So, yeah, going up to the HP Lovecraft Film Festival (hereby shortened to HPLFF because who's got the time?) in Portland was a nice break. I get to hang out with friends, get to go over to Powells, get to eat too many biscuits. The usual. And, hopefully, I get to figure out where my next writing gig is going. Both relaxation and torment, dig? Hooray.
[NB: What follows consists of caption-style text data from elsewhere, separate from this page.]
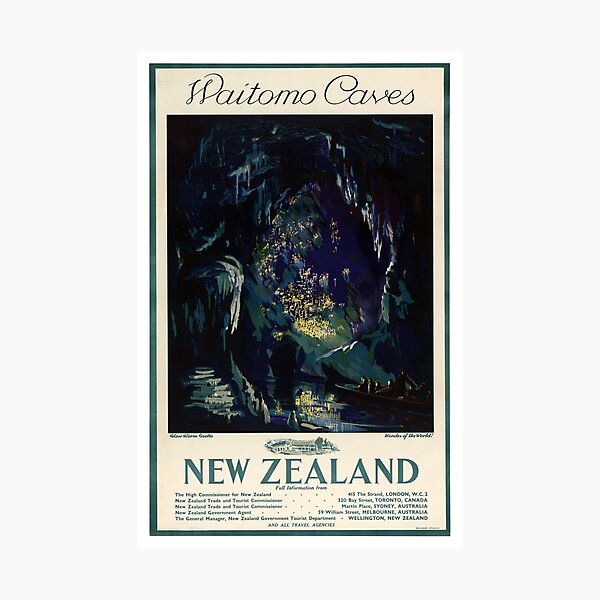 New Zealand Vintage Travel Poster Photographic Print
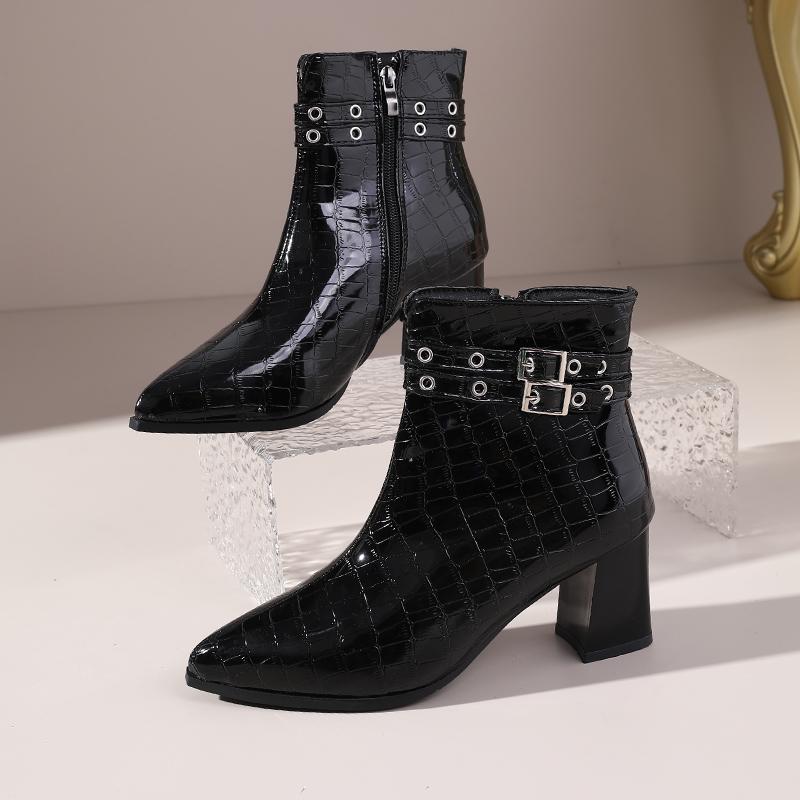 New Women'S Shoes-Pointed-Toe Short Boots With Side Zipper, Belt Buckle Detail, Chunky Heel, Warm-Perfect For Winter Jeans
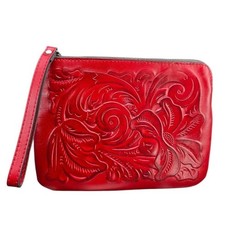 NEW Patricia Nash Cassini Wristlet Berry Red Tooled Floral Leather Pouch Wallet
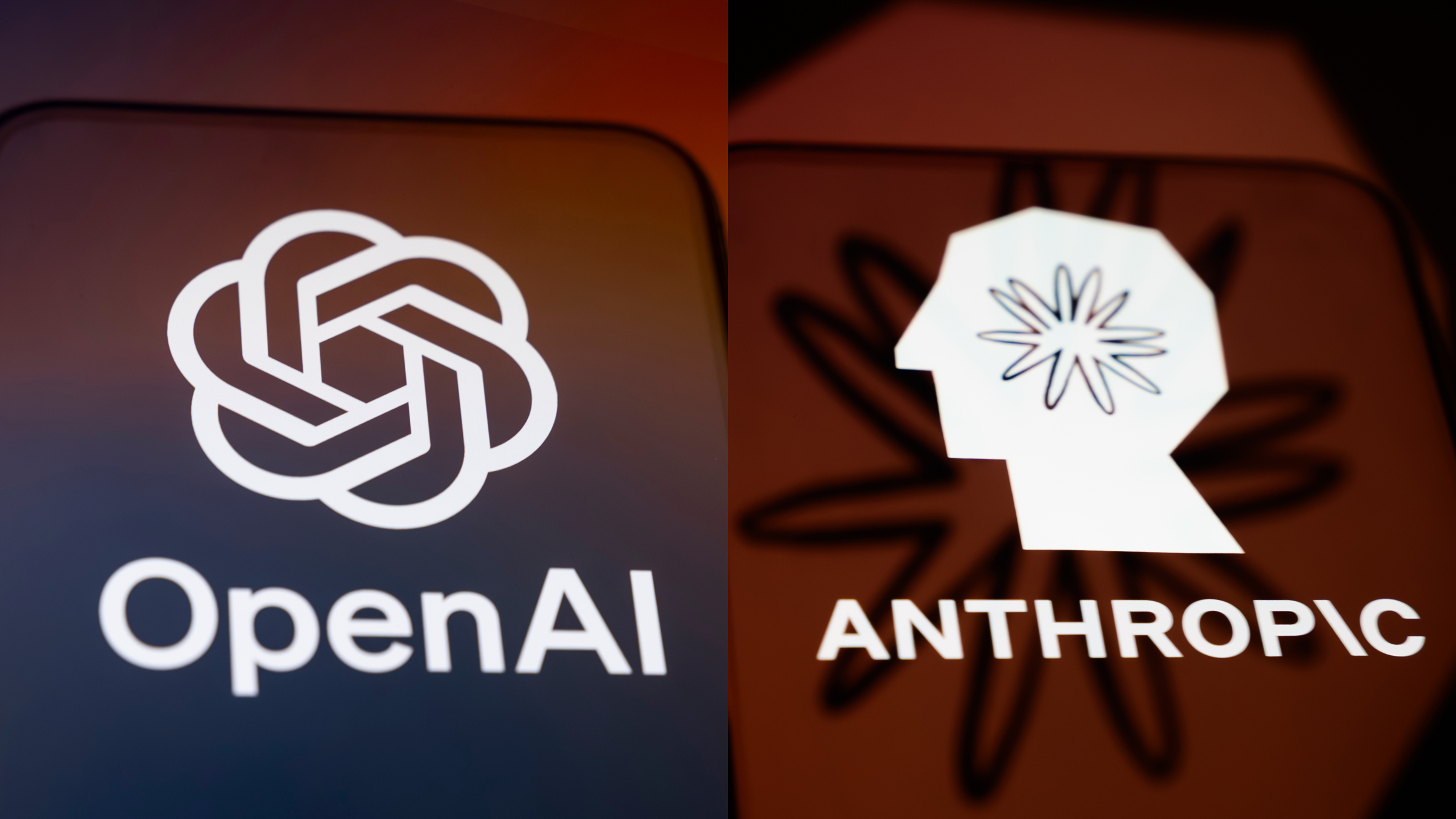 The Anthropic and Open AI logos are displayed on smartphone screens.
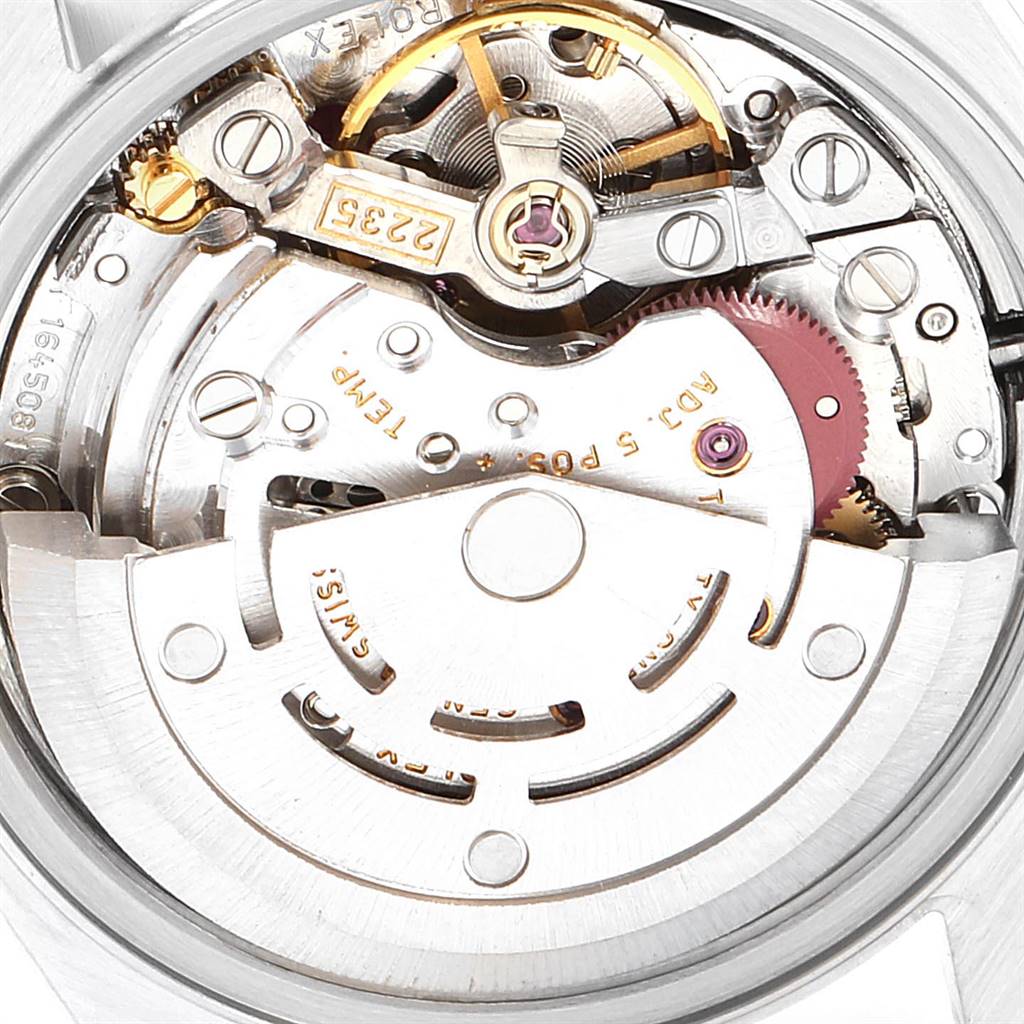 This image shows the internal mechanism and movement of a Rolex Datejust 79174 Women's Stainless Steel Grey Dial 79174 Women's Stainless Steel Grey Dial watch from a close-up, top-down angle.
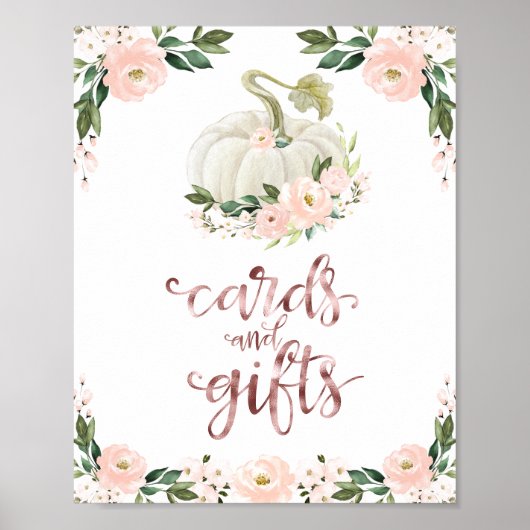 カードとギフト緑の秋赤ちゃんシャワーのサイン ポスター (正面)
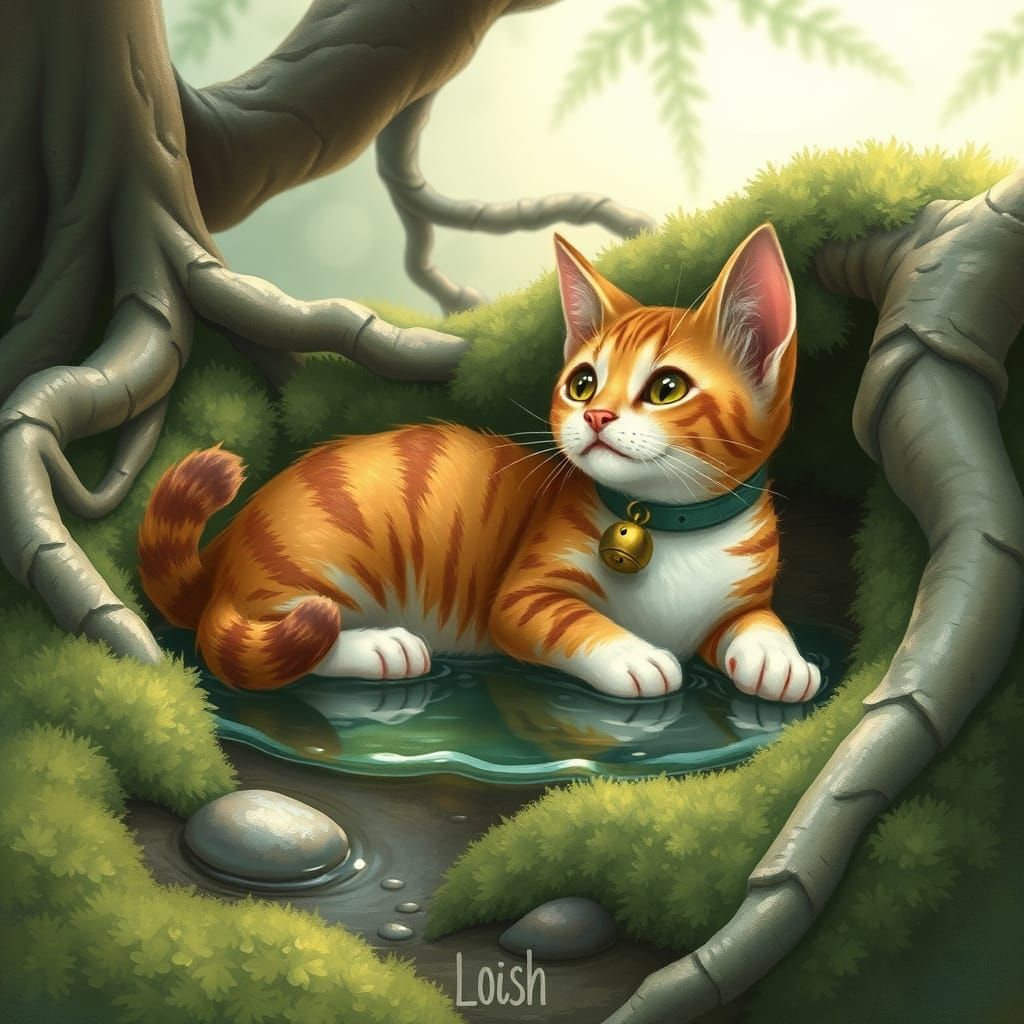 Cat in Puddle Surrounded by Mossy Roots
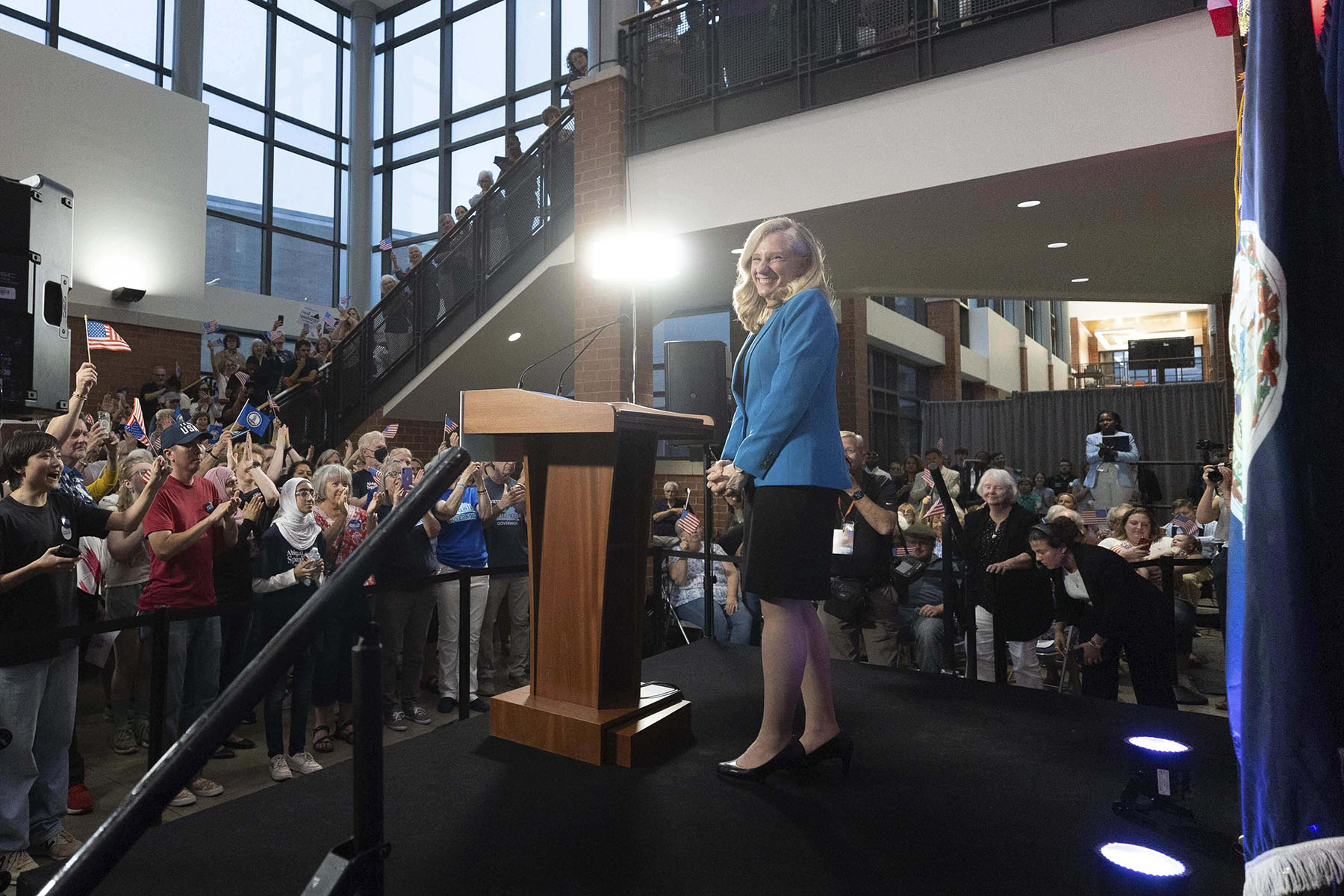 Democratic gubernatorial candidate Abigail Spanberger addresses a crowd at a rally at her alma mater, J.R. Tucker High School, in Henrico, Virginia.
Nothing has been helped by ongoing issues with my foot, which I guess is attempting to ratchet up the pain levels to a point where I give into its demands and allow it to become its own independent nation, or perhaps just be adopted by someone else, because something I've been done has been pissing it off something fierce. Was acceptable when I got on the plane (with no breakfast because sure why not be doing freeway construction at 5am and make the commute take almost too long) and shuffling around town once I got there. But then it cranked over into HELLRAISER territory as I walked up to Powell's Bookstore. And stood on the concrete floor, trying to shift my weight in a way that just hurt less, much less felt good at all.

For a couple hours. Then walk back to the Helioscope Studio.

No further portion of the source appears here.